The pyramidal volume data were displayed in 3 different cross-sections (Figure 1A). The anatomically correct 2- and 4-chamber views with the largest long-axis dimensions were selected as previously described by Mor-Avi et al.6 In these 2 planes, endocardial and epicardial contours were traced manually at end-diastole. The papillary muscles and trabeculations were included in the LV cavity to be consistent with the CMR measurements. The traced contours were then used to calculate LV volumes by use of the biplane Simpson formula incorporated in the analysis software. In addition, the LV long-axis dimension in the 2- and 4-chamber view was measured as the distance between the level of the mitral annulus and the most distal point at the apical endocardium.

Figure 1

(A) Biplane analysis: an example of anatomically correct LV apical views from the RT3DE data set by 3DQ-Qlab. The red line in the short-axis view corresponds to the apical 2-chamber view and the green line in the short-axis view corresponds to the apical 4-chamber view. (B) Multiplane analysis: an example of endocardial and epicardial tracings in LV apical views by 4D Echo-View. Note the short-axis view (bottom left) showing the tracings corresponding to the long-axis views. A2C = apical 2-chamber; A4C = apical 4-chamber; SA = short-axis.

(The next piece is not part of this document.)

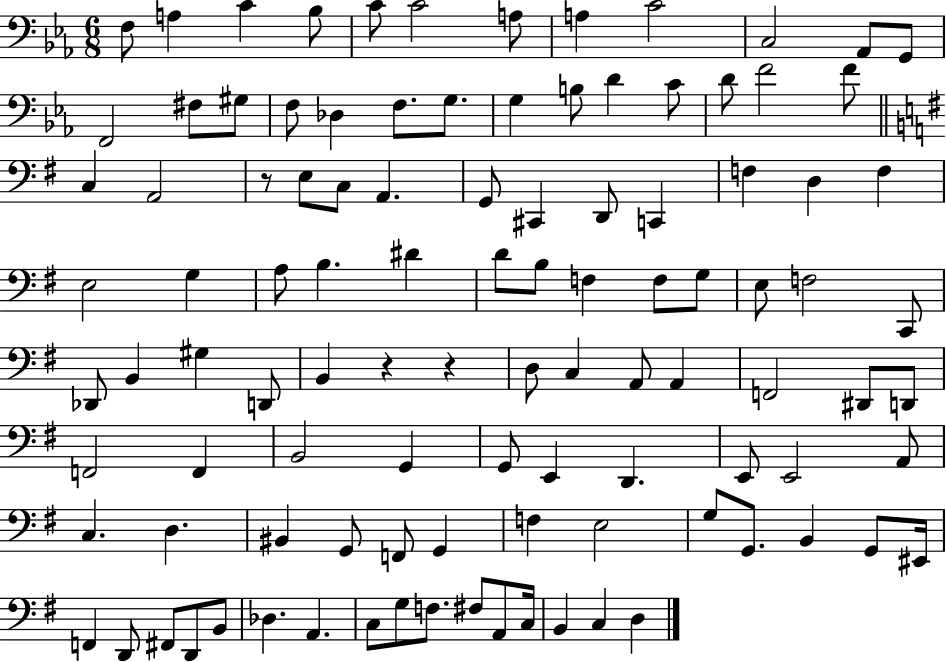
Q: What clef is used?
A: bass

Multiplane analysis RT3DE data

Multiplane analysis was performed as previously described by our group8. The anatomically correct 2- and 4-chamber views with the largest long-axis dimension were selected in the same manner as described above (Figure 1B). Around this user-defined LV long axis, the software generated 8 uniformly spaced apical long-axis images 22.5° apart. In each view, epicardial and endocardial contours were manually traced at end-diastole with the papillary muscles and trabeculations included in the LV cavity. Once the points were manually traced on the eight long-axis planes, the position of the manually traced contours was verified in multiple short axis views from base to apex, and corrected when necessary (Figure 2). The traced contours were then used to calculate LV myocardial volume and mass.

Figure 2

An example of corresponding short-axis views from apex to base. (A) CMR images. (B) Short-axis views in the same patient showing the manually traced endocardial and epicardial surfaces by 4D Echo-View. This view allows manual correction of tracings made in the long-axis images.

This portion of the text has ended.